I am working on a CUDA/MPI application. It uses page-locked host buffers allocated with cudaHostAlloc(...,cudaHostAllocDefault), to which data from the device is copied before calling MPI.
The application, a particle simulation, reproducibly crashed or produced undefined behavior at large particle numbers, and I could not explain why this happened.
After some considerable debugging time (trying two different MPI libraries, MVAPICH2 1.9a and OpenMPI 1.6.1) I discovered openmpi's mpi_leave_pinned parameter.
Setting mpi_leave_pinned to 0 solved my problem, the crash did not occur again! So far, excellent!
I do have a request, however.

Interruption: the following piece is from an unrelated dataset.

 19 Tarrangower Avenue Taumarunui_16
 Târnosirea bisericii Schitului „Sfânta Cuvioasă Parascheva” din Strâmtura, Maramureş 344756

After looking at the output of
$ ompi_info --param mpi all
MCA mpi: parameter "mpi_leave_pinned" (current value: <-1>, data source: default
Whether to use the "leave pinned" protocol or not. Enabling this
setting can help bandwidth performance when repeatedly sending and
receiving large messages with the same buffers over RDMA-based networks
(0 = do not use "leave pinned" protocol, 1 = use "leave pinned"
protocol, -1 = allow network to choose at runtime).
This seems to indicate that the default is that the network adapter chooses whether to enable or disable MPI. In my case, this default setting turns out to be disastrous.
Also, the FAQ is somewhat ambiguous about this parameter and states that mpi_leave_pinned is off by default in one place, but that it is -1 (as above) at another place.
Can anyone please explain to me the intricacies of this parameter, and what are the ramifications/benefits of having this particular default value?